**Task brief:** Exactly reproduce the lines from the one containing "a balcony with" through the last line of the data, both ends included, leaving out pictures.

**Data under study:**
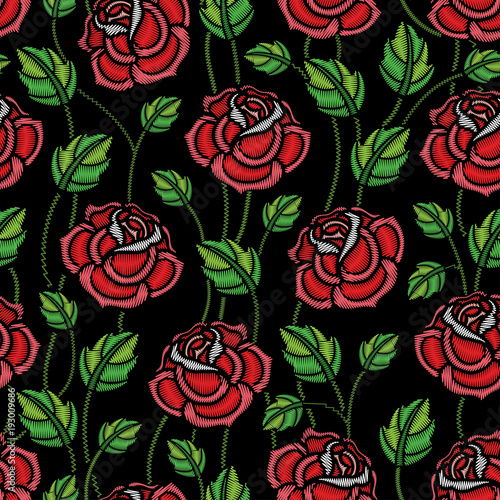 Vector seamless pattern with embroidery red Rose flower and green leaves on the black background. Floral pattern with ornate embroidered roses for clothing decor  fabric and textile design.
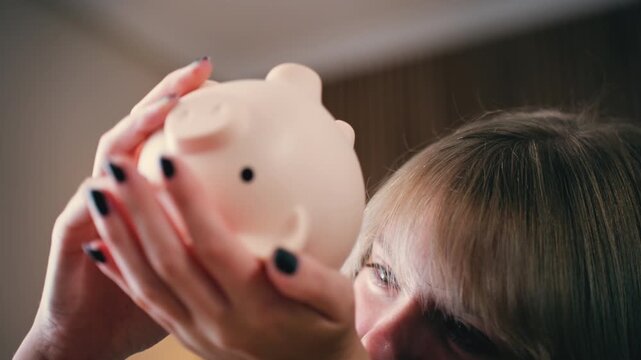 Determined teenage girl with blonde hair meticulously putting shiny coin into piggy bank, Concept  importance of saving money, personal finance, and economic planning from young age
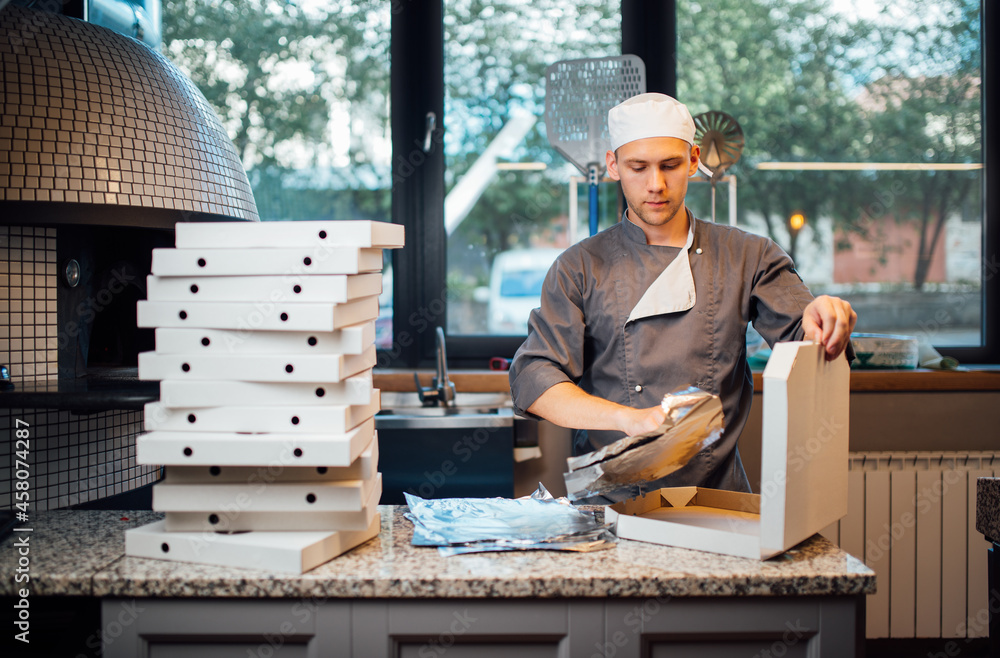 Pizzeria worker folds foil into pizza box. Catering kitchen work. - obrazy, fototapety, plakaty 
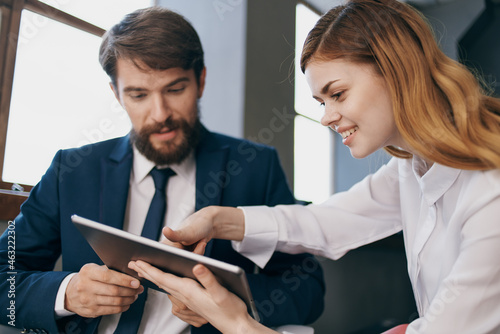 man and woman in business suits looking at the tablet managers professionals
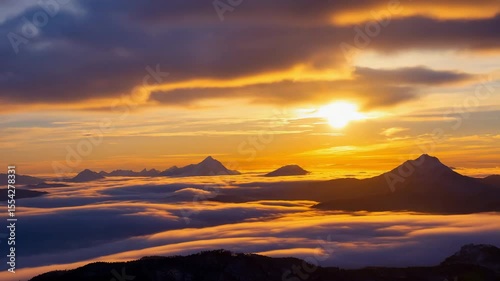 Golden sunrise over the sea with calm waves and clouds, warm scenic start of a peaceful morning on the horizon	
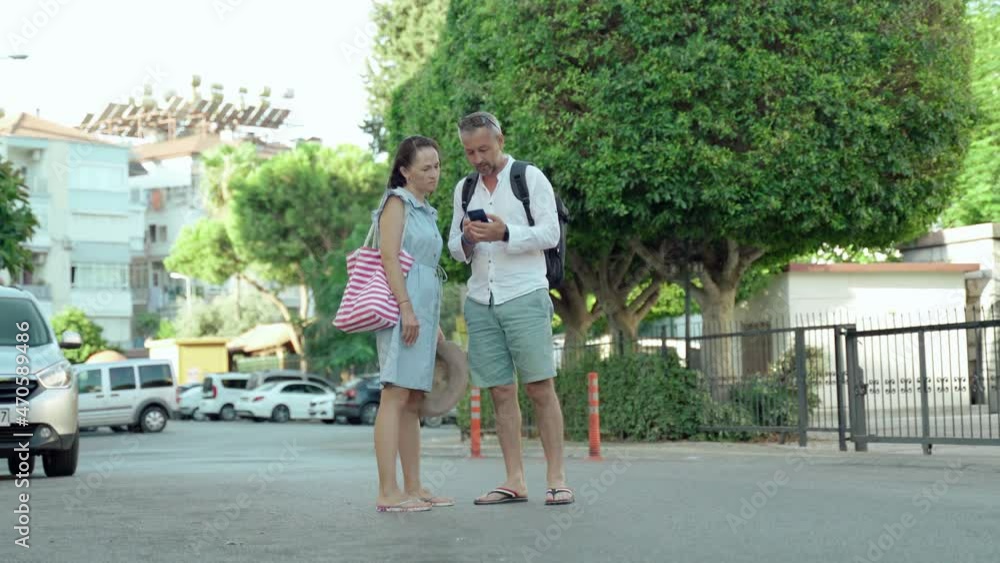 Couple of tourists using smart phone gps in street search locations. A woman and a man use the online map in their smartphone to search. Couple of tourists using smart phone gps in street search locations. A woman and a man use the online map in their smartphone to search.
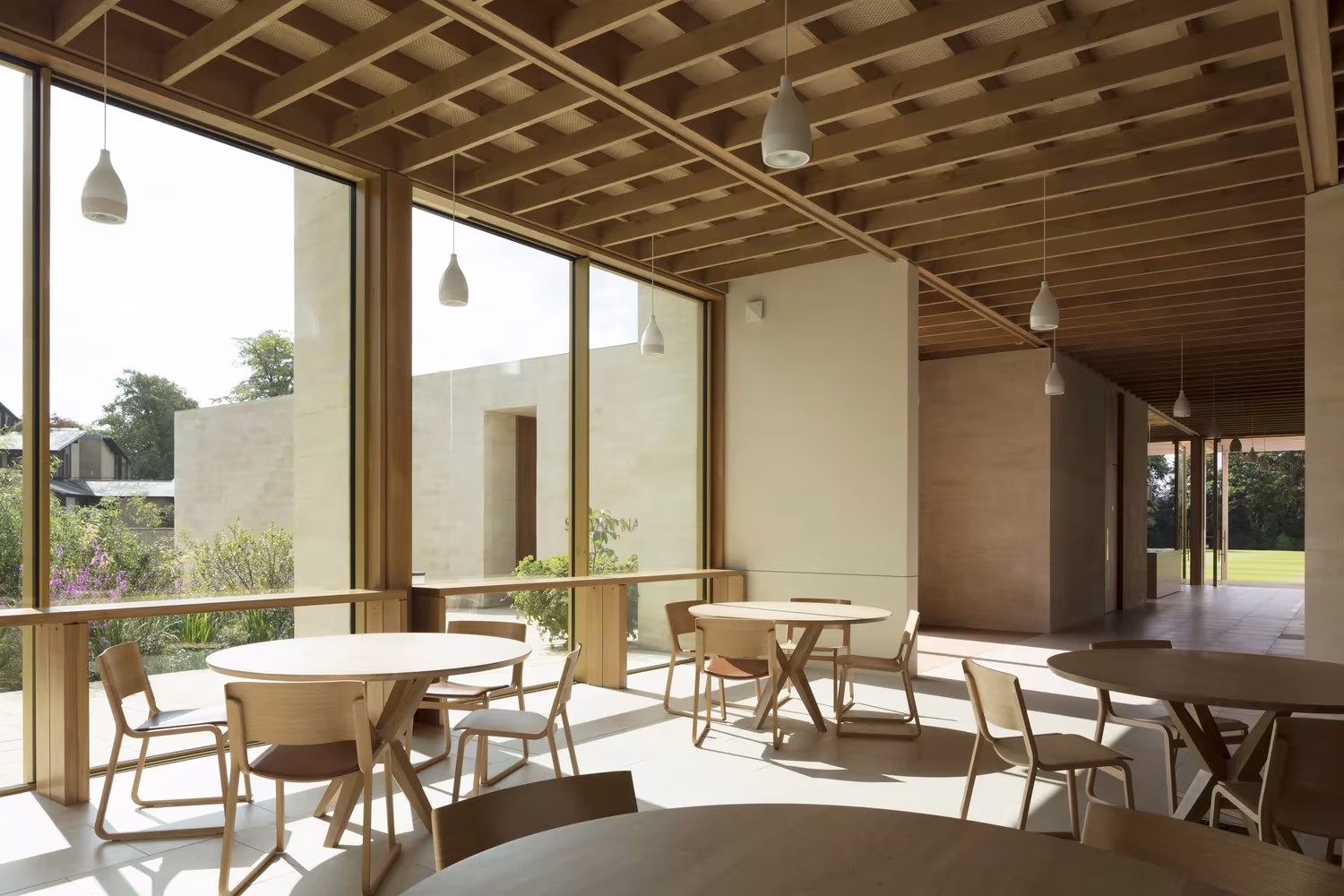 Comedor con mesas redondas bajo techo de casetones de madera y cristaleras al jardín en Worcester College, de McLaughlin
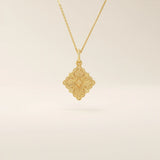 Unique 14k solid gold clover motif necklace featuring a smooth, plain pendant in a four-leaf design, symbolizing luck and elegance, perfect for everyday wear.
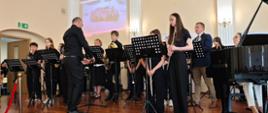 Wykonawcy przy instrumentach na scenie w sali koncertowej podczas Koncertu końcoworocznego wpisującego się w szmaragdowy Jubileusz lublinieckiej szkoły muzycznej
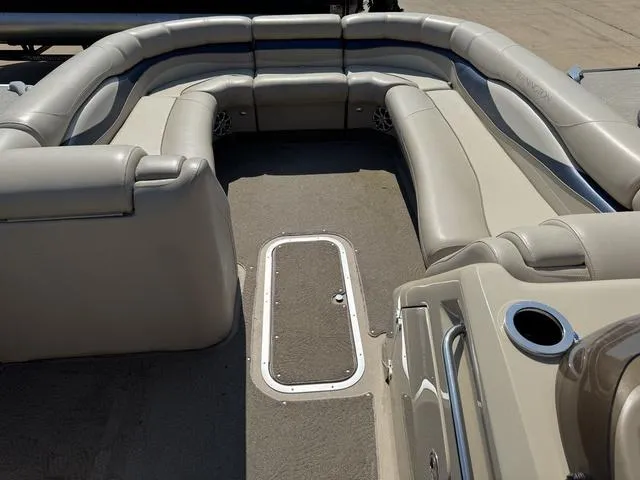 Slide: The Image of 2012 Bennington 2575 RCW pontoon boat interior with beige seating and carpeted floor. - 8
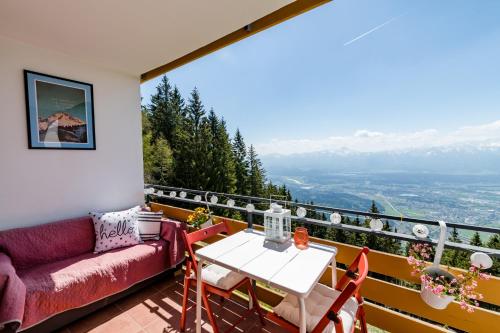 a balcony with a couch and a table and chairs at MOOKI Mountain & Pool Gerlitzen Apartment in Kanzelhöhe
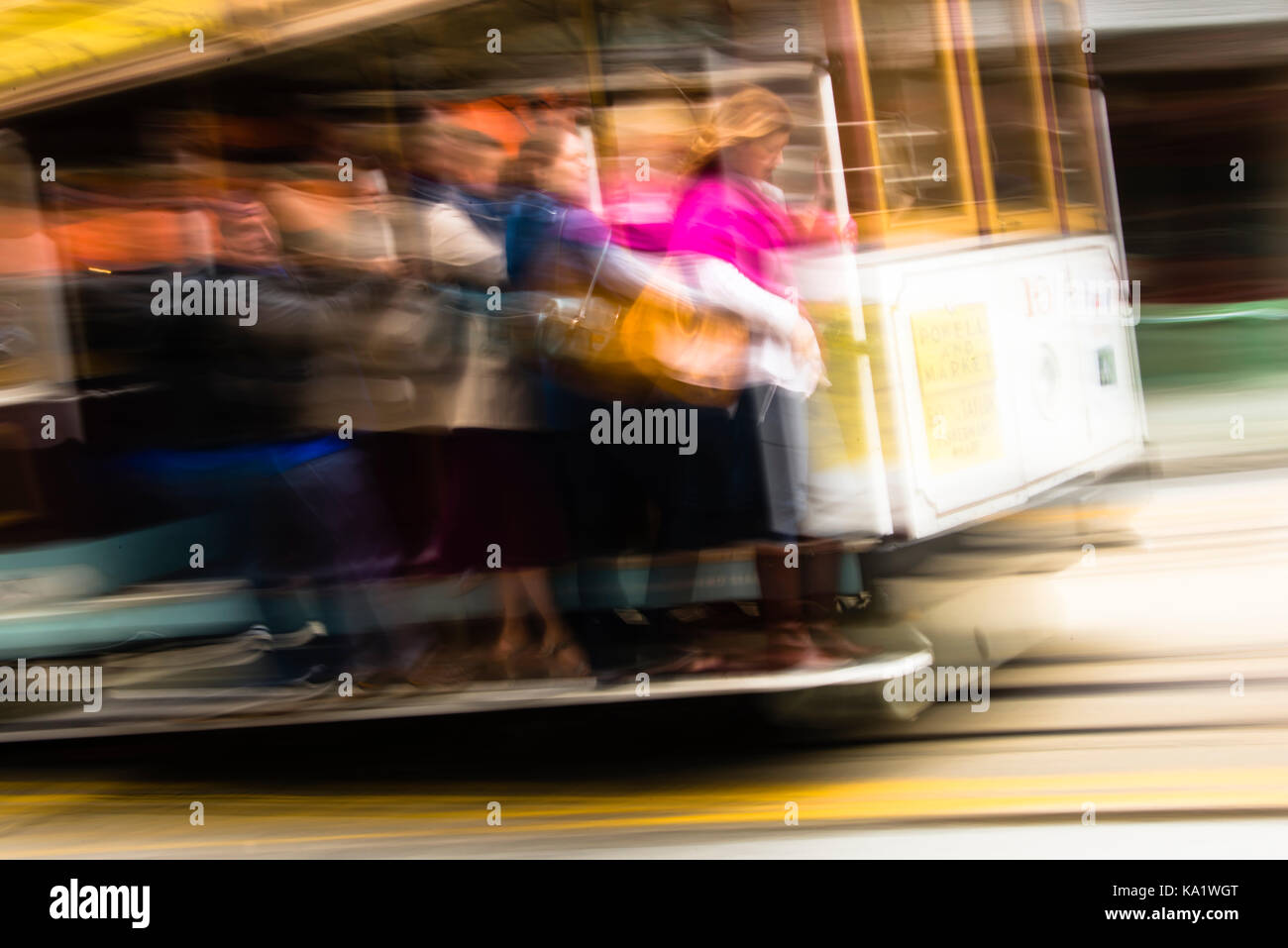 Blurred motion of passengers riding a cable car, San Francisco, California Stock Photo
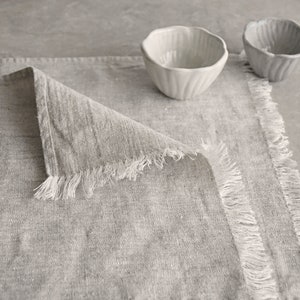 May include: A gray linen placemat with frayed edges. The placemat is folded in half and has a textured surface.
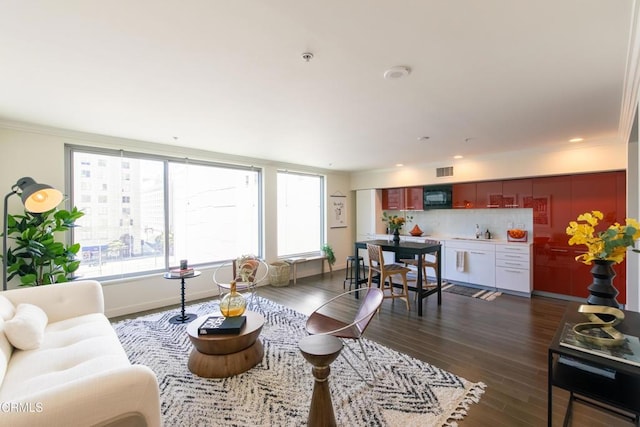 living room with visible vents, recessed lighting, crown molding, baseboards, and dark wood-style flooring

**Expected answer:**
 a balcony with a couch and a table and chairs at MOOKI Mountain & Pool Gerlitzen Apartment in Kanzelhöhe
 Blurred motion of passengers riding a cable car, San Francisco, California Stock Photo
 May include: A gray linen placemat with frayed edges. The placemat is folded in half and has a textured surface.
 living room with visible vents, recessed lighting, crown molding, baseboards, and dark wood-style flooring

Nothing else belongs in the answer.